Over the weekend, a few internal notes were being circulated about testing storage array performance. There's an interesting pattern that we're seeing with these evaluations, and we'd like to offer a few suggestions to save you time and frustration.
This storage performance testing discussion is very different from the ever-popular storage benchmarking (or benchmarketing!) debates -- it's about you investing your time to run some tailored tests to figure out what works well in your environment.
Not everyone has the time or the inclination to invest multiple days doing a suite of performance tests against multiple storage arrays. Certain vendors, though, are forcing the issue by dropping off their newest boxen for evaluation.
My take? If you're going to do this sort of thing, invest the time to do it right.
I'd invite others from the storage community to offer up their testing suggestions as well ... it's a topic that probably deserves a bit more attention.
It's Array Testing Season!
Now, to be fair, there's always a steady background of performance bake-offs going on at any one time. But lately, a number of newer storage vendors are dropping off their just-outta-beta products for evaluation, causing a spike in the number of our customers interested in doing this sort of work.
That's to be expected -- it's tough times out there!
The problem is arising from the level of testing being done, and it usually goes something like this.
1 -- Customer runs very simple test on very simple simple config, gets amazing results
2 -- Customer tells EMC "gee, this new box is really fast, what's up?"
3 -- EMC asks customer "did you test for XYZ?"
4 -- Customer says "no", repeats test using suggested approach
5 -- Results are very different, causing customer to revisit original opinion of new storage array
So, in the interest of saving time for everyone -- or avoiding erroneous conclusions -- here are a few hints on how to evaluate storage array performance.

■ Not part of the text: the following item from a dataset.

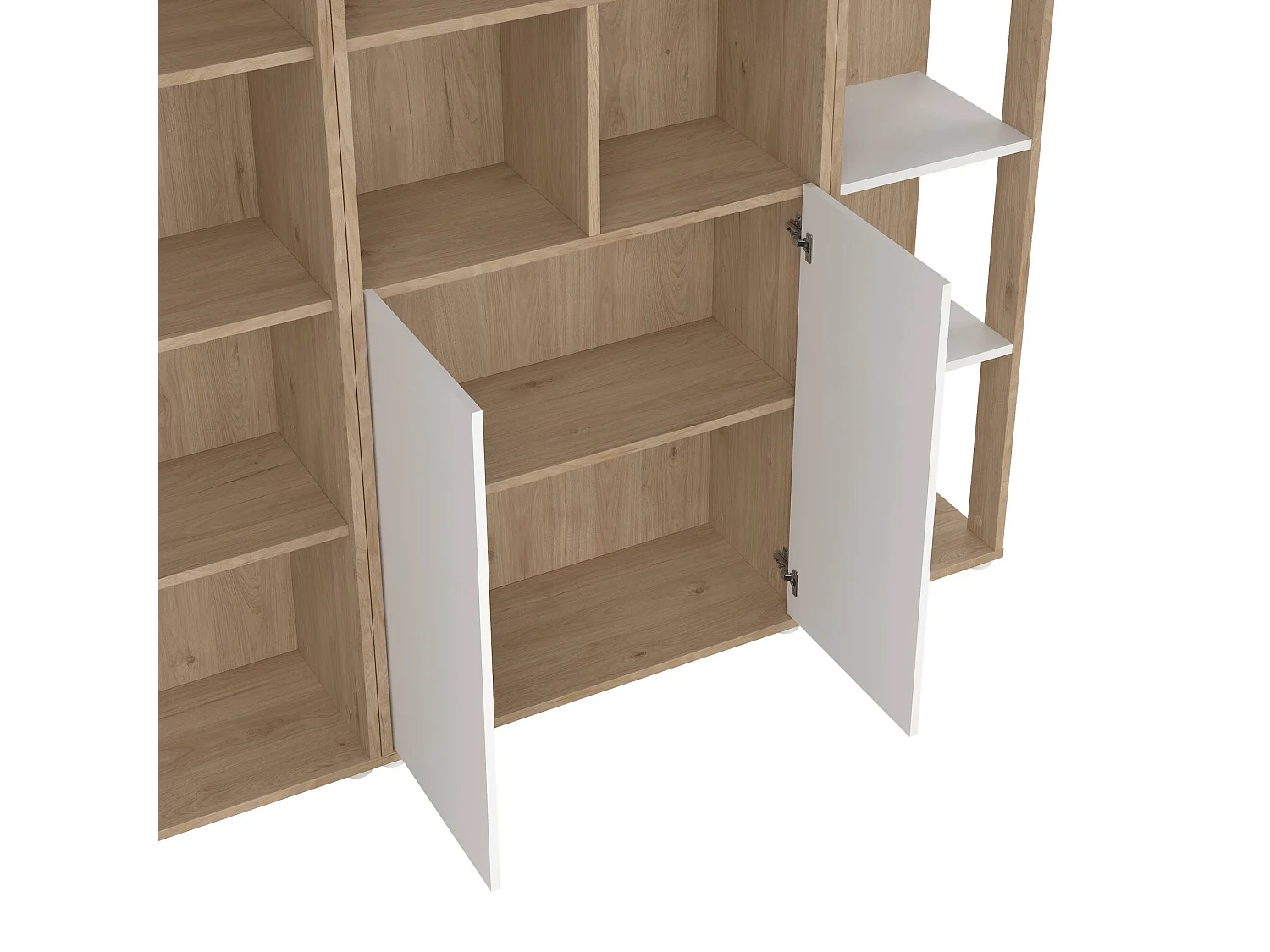 Sistema de parede Dtomeazz, Composição da sala, Mobiliário multiusos para sala, Móvel TV, 241x34 h205 cm, Carvalho e Branco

#0 -- What Are We Testing For, And Why?
I know this sounds blinking obvious, but you'd be surprised on how many testing efforts that we get involved with midstream, and we start asking these sorts of questions, and -- well -- for some reason there are no good answers.
I'd suggest writing a paragraph or two -- up front -- on why you're doing the testing, perhaps a description of the envisioned usage of the array, key performance characteristics that matter, and how you plan to do the testing.
Call it a "test doc" or whatever -- but a bit of thinking up front is really helpful.
#1 -- Fill It Up
So many arrays today build file systems on top of physical LUNs that it's almost imperative that testers fill up an array with data to get realistic numbers.
I call these arrays "spindle randomizers" because they take the approach of spreading user data on as many disk spindles as possible. This leads to very different performance profiles at, say, 10% capacity and, say, 90% capacity. There's no way to get realistic numbers without filling it up.
In particular, write space allocation can substantially degrade as free disk space becomes harder to find. You might remember the kerfluffle that resulted when I posted this example.
If you're planning to use your arrays full, you should test your arrays full.
#2 -- Don't Write Just Zeros
Several popular testing tools (e.g. IOzone and a few others) write nothing but zeros. A few vendors have gotten wise to this, and have inserted special code that looks for this situation, and uses special routines that don't reflect general performance characteristics.
I'm sure that they had good reasons for doing this that had nothing to do with spoofing popular storage testing tools, but it's worth watching for.
Unless, of course, all your applications write nothing but zeros -- and then it's a reasonable test.
#3 -- Use Multiple Servers and Multiple I/O Paths
Sure, a single server can generate a substantial workload (especially if it's a big one), but give some thought to using multiple servers and multiple I/O paths -- each with a different I/O profile.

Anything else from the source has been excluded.